=== WHAT YOU SHOULD DO ===
When you reach the line with "Building Photo - Beautiful" in the listing below, write out that line and every one after it exactly, and skip the pictures.

=== INFORMATION SUPPLIED ===
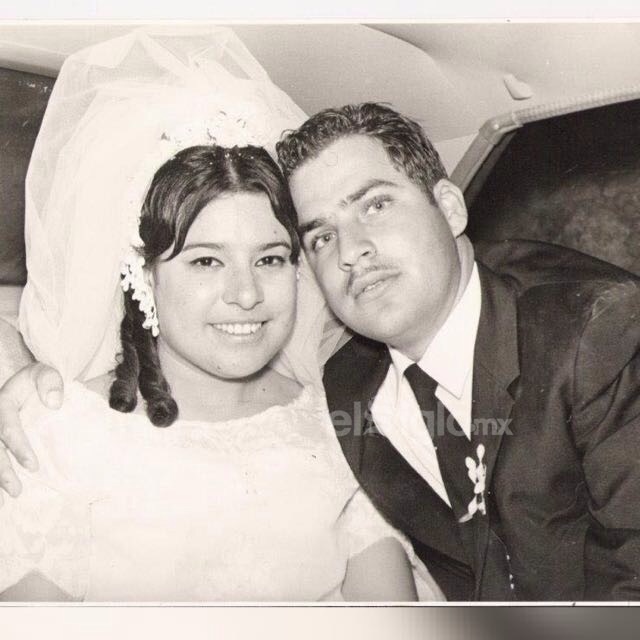 Laura Elena Garza Villarreal y Héctor Emilio Guerra Valdés se casaron el 24 de mayo de
1969. Cumplieron 50 años de casados.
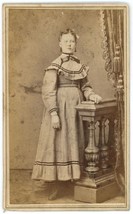 CIRCA 1880&#39;S CDV Young Woman in Beautiful Dress John Closs Cincinnati OH - £7.46 GBP
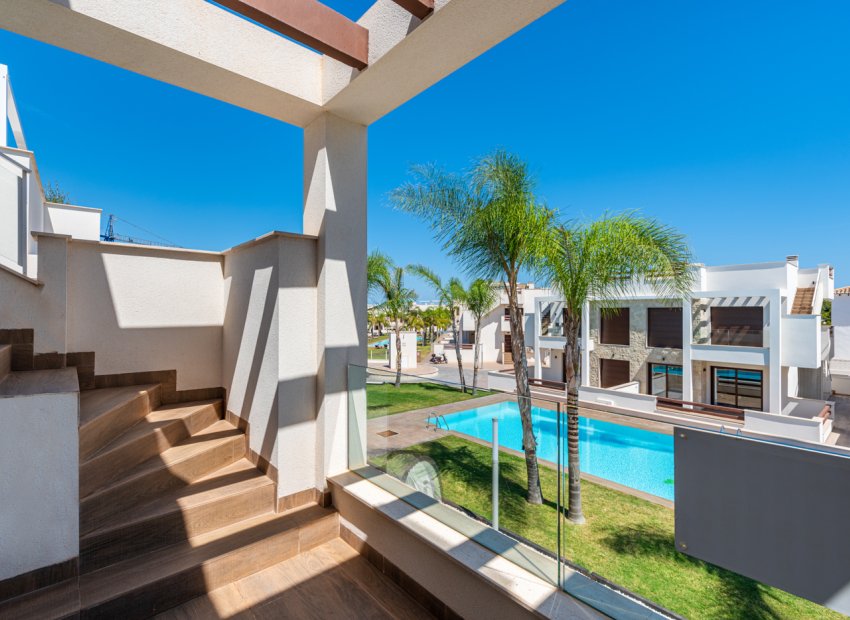 Obra nueva - Bungalow alto -
Torrevieja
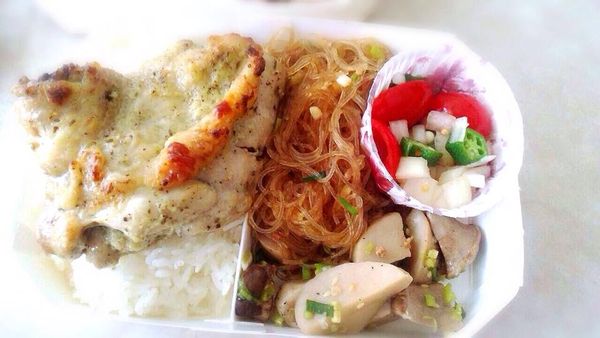 [6/4 Mickey 餐盒 ]蒜味奇異果烤去骨雞腿、螞蟻上樹、涼拌杏飽菇、涼拌三色蔬果、外酥內鬆軟的手工地瓜杏仁餅乾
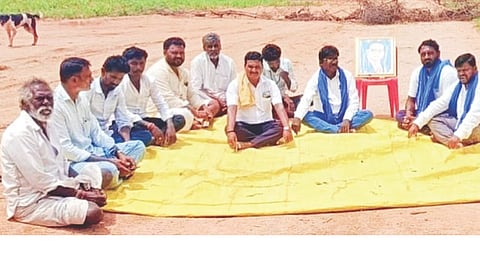 ಯಲಬುರ್ಗಾ ತಾಲೂಕಿನ ಗುನ್ನಾಳ ಹೊರವಲಯದಲ್ಲಿ ಡಿಎಸ್‌ಎಸ್ ಸಂಘಟನೆ ಪದಾಧಿಕಾರಿಗಳು ಧರಣಿ ನಡೆಸಿದರು. ಪ್ರಮುಖರಾದ ಪಂಪಣ್ಣ ಲಿಂಗದಹಳ್ಳಿ, ಮಹದೇವ ಹರಿಜನ, ಬಸವರಾಜ ಹಿರೇಬೊಮ್ಮನಾಳ, ಹನಮಂತಪ್ಪ ಅಂಗಡಿ, ಗುಂಡಪ್ಪ ಅಂಗಡಿ, ಹಿರೇಗುಂಡಪ್ಪ, ಗಿರಿಜಮ್ಮ ಹಟ್ಟ, ಹನಮಂತಪ್ಪ ಕವಳಕೇರಿ ಇತರರಿದ್ದರು.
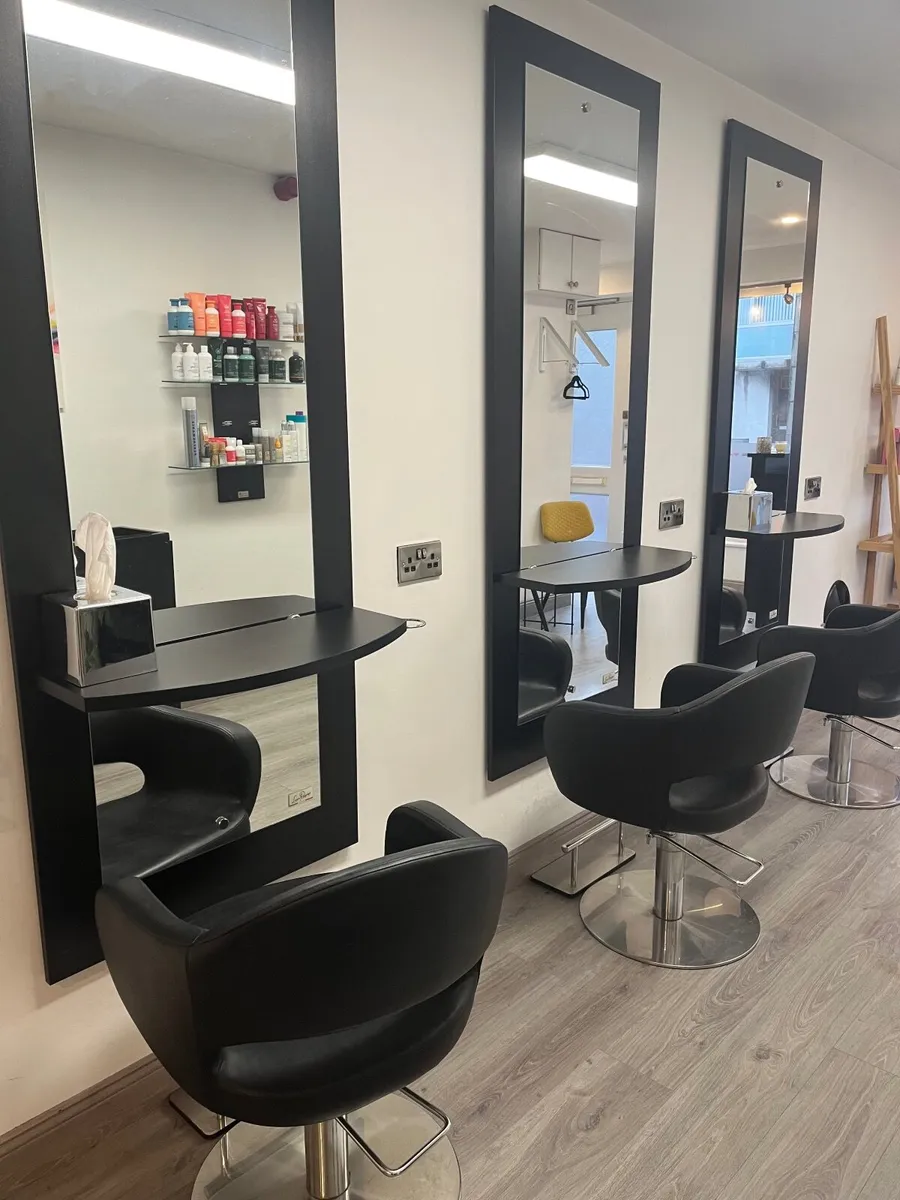 Hair salon fittings - Image 2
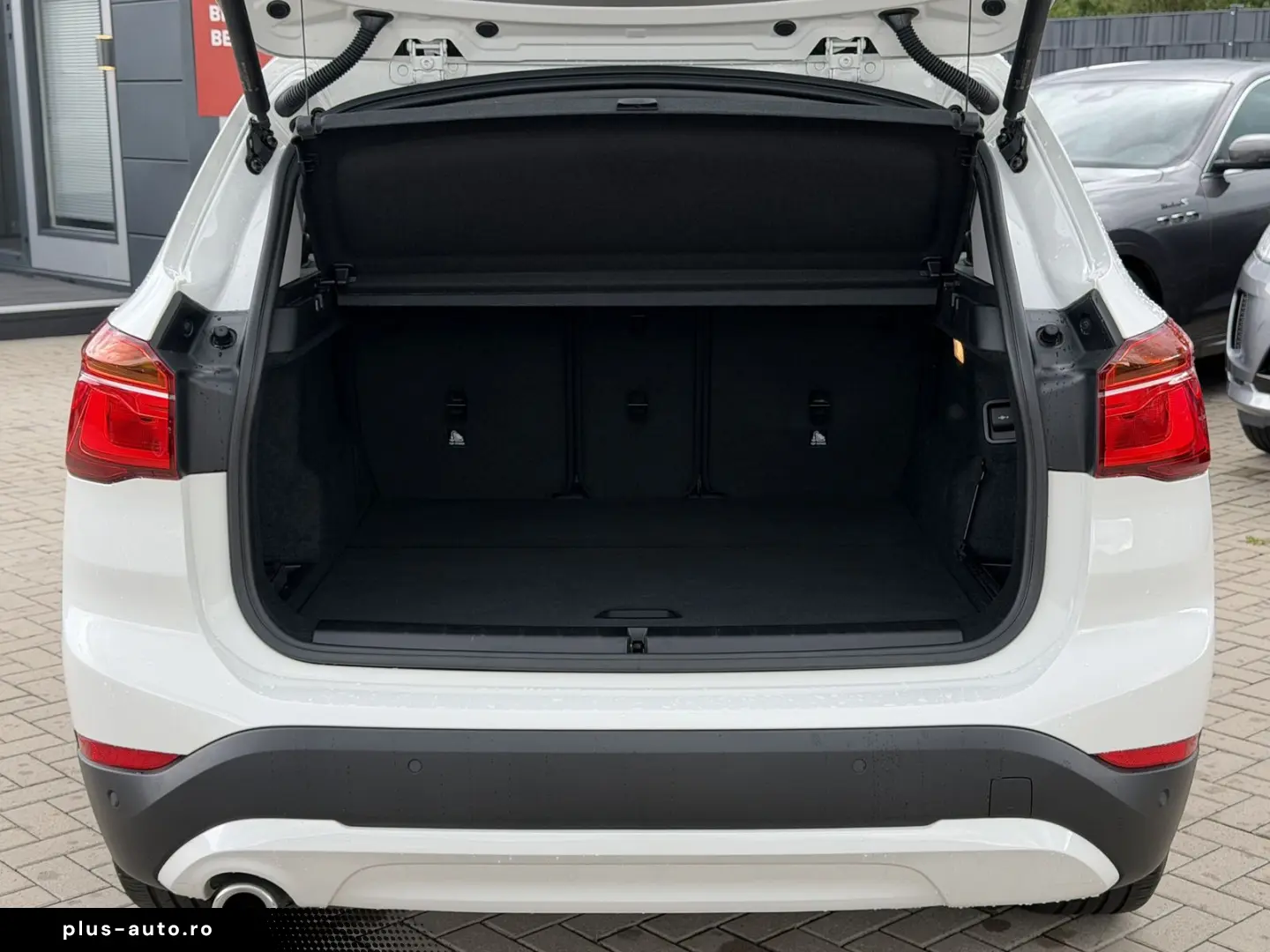 BMW X1 sDrive 18 i Connected Services PDC Unfallfrei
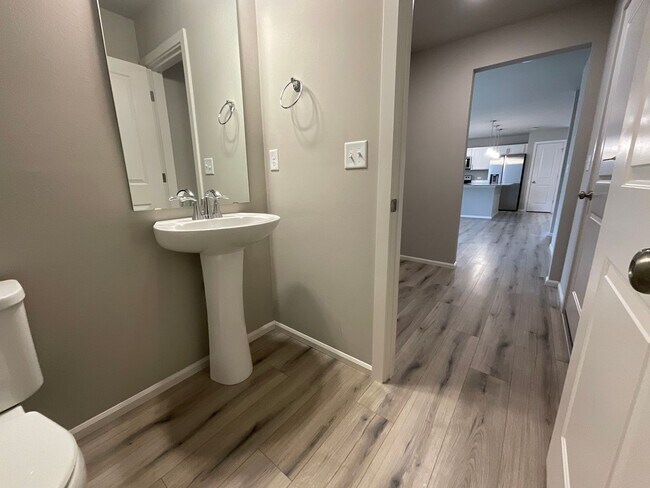 Building Photo - Beautiful 4 Bedroom, 2.5 Bath Home Availab...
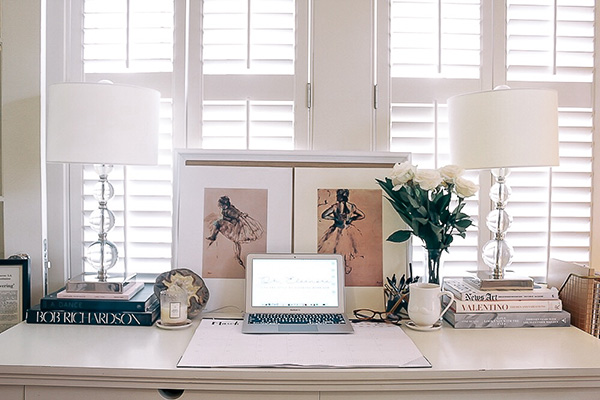 Bloggers at Home - featuring lifestyle blogger Eleanora Morrison ...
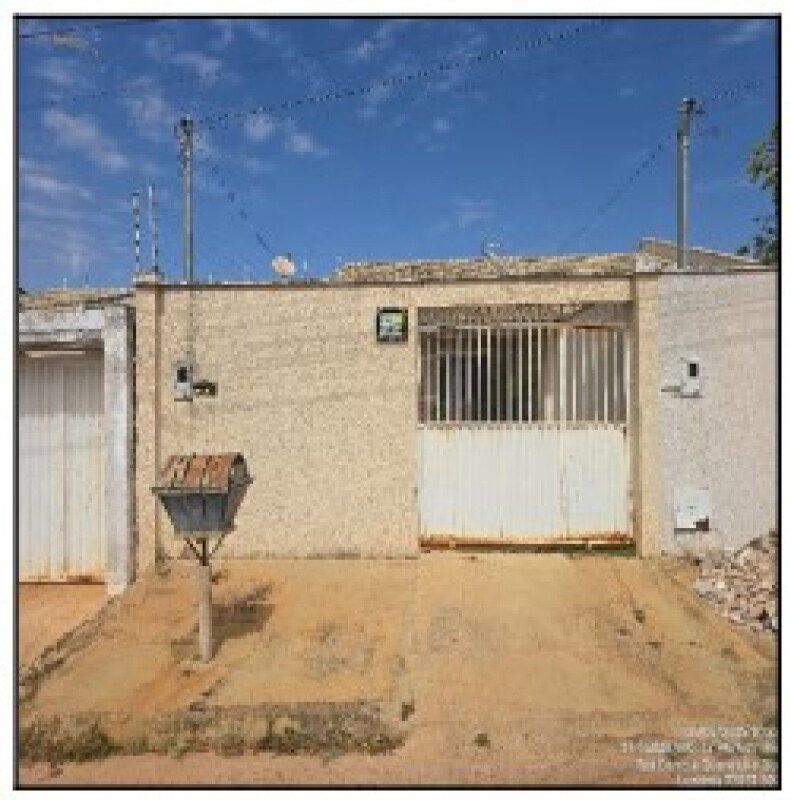 Casa em Luziânia/GO com 2 quartos e 1 vaga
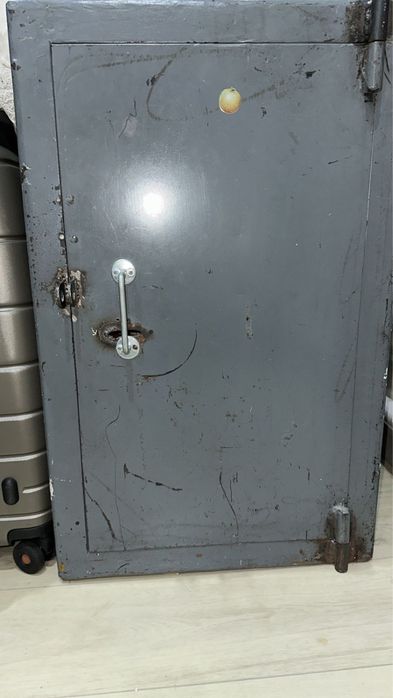 Продам сейф металлический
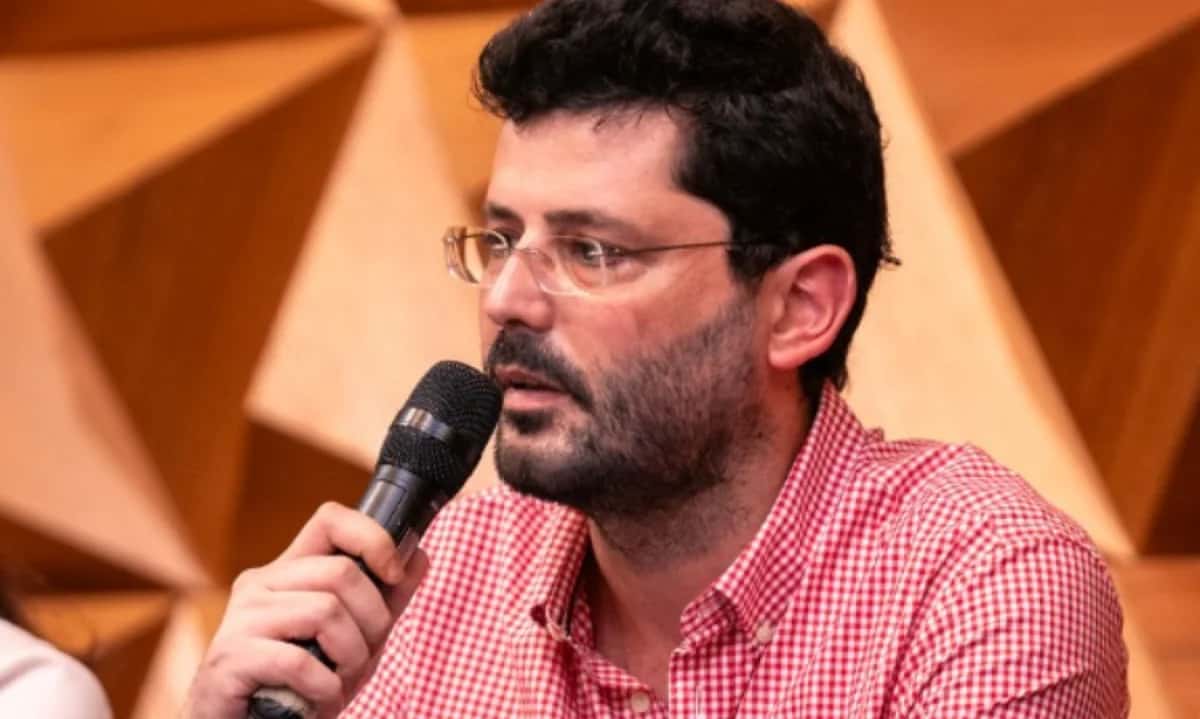 Professor da UFMG que humilhou cadeirante em BH vira réu por dois crimes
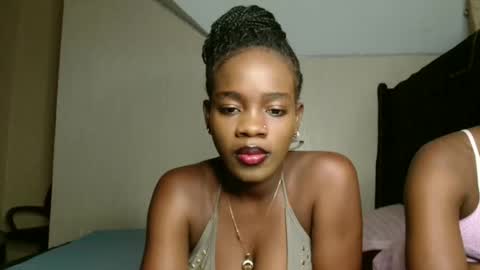 malani_malia online show from 11-14-25, 03:22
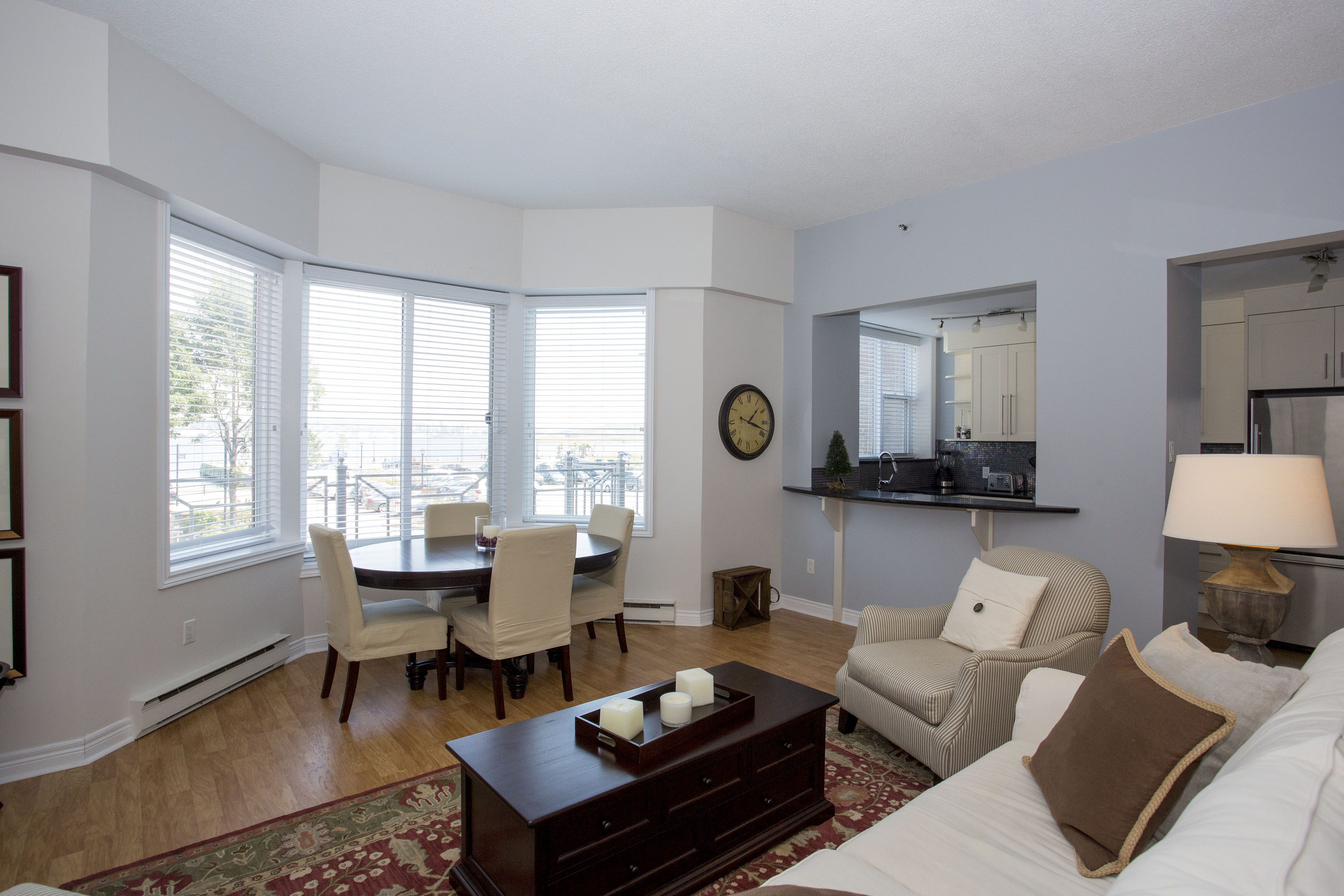 04 Moore Suites Furnished Apartments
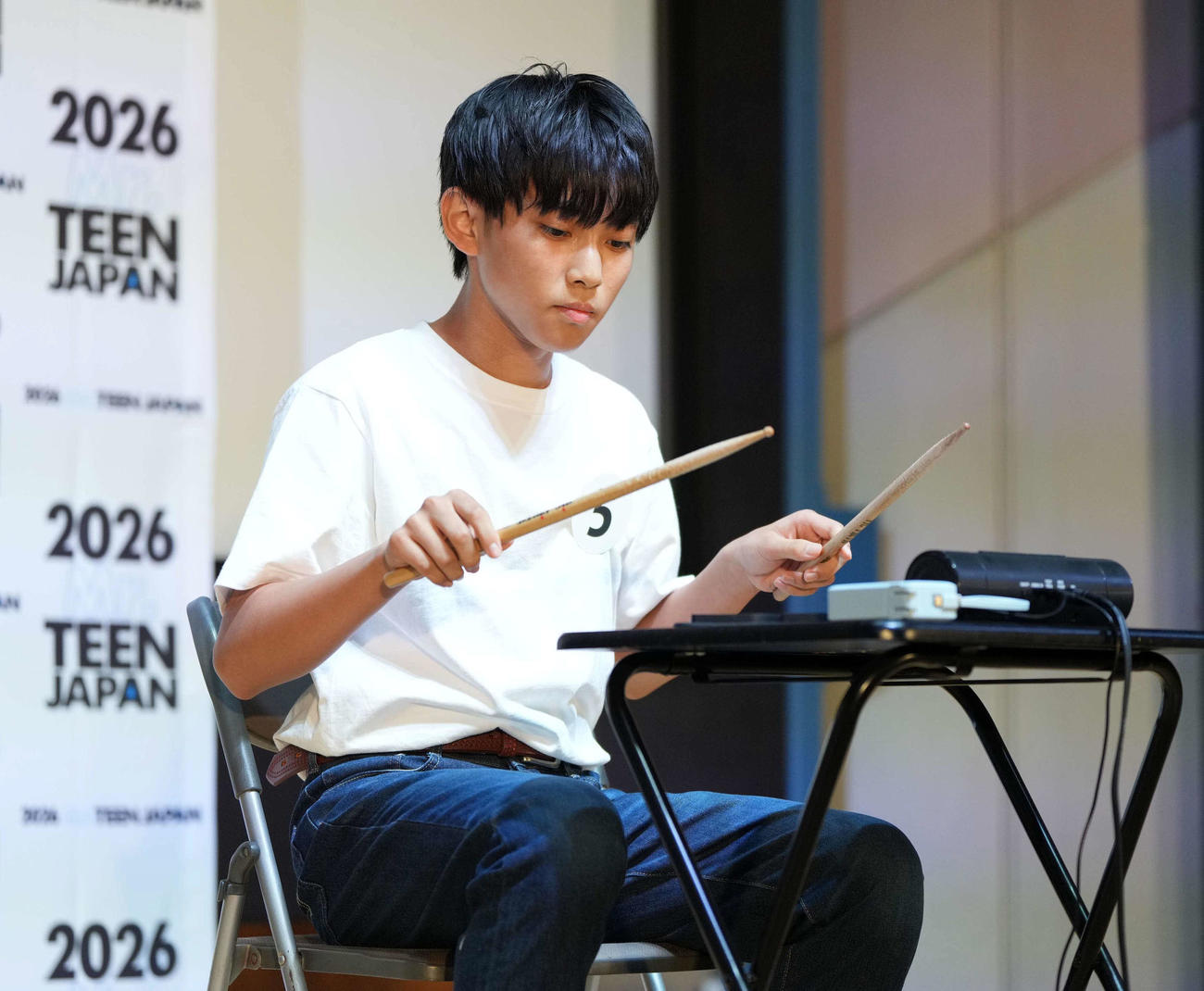 2026ミスター・ティーン・ジャパン決定戦でドラム演奏する梅本竜之介（撮影・小沢裕）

=== RESPONSE ===
 Building Photo - Beautiful 4 Bedroom, 2.5 Bath Home Availab...
 Bloggers at Home - featuring lifestyle blogger Eleanora Morrison ...
 Casa em Luziânia/GO com 2 quartos e 1 vaga
 Продам сейф металлический
 Professor da UFMG que humilhou cadeirante em BH vira réu por dois crimes
 malani_malia online show from 11-14-25, 03:22
 04 Moore Suites Furnished Apartments
 2026ミスター・ティーン・ジャパン決定戦でドラム演奏する梅本竜之介（撮影・小沢裕）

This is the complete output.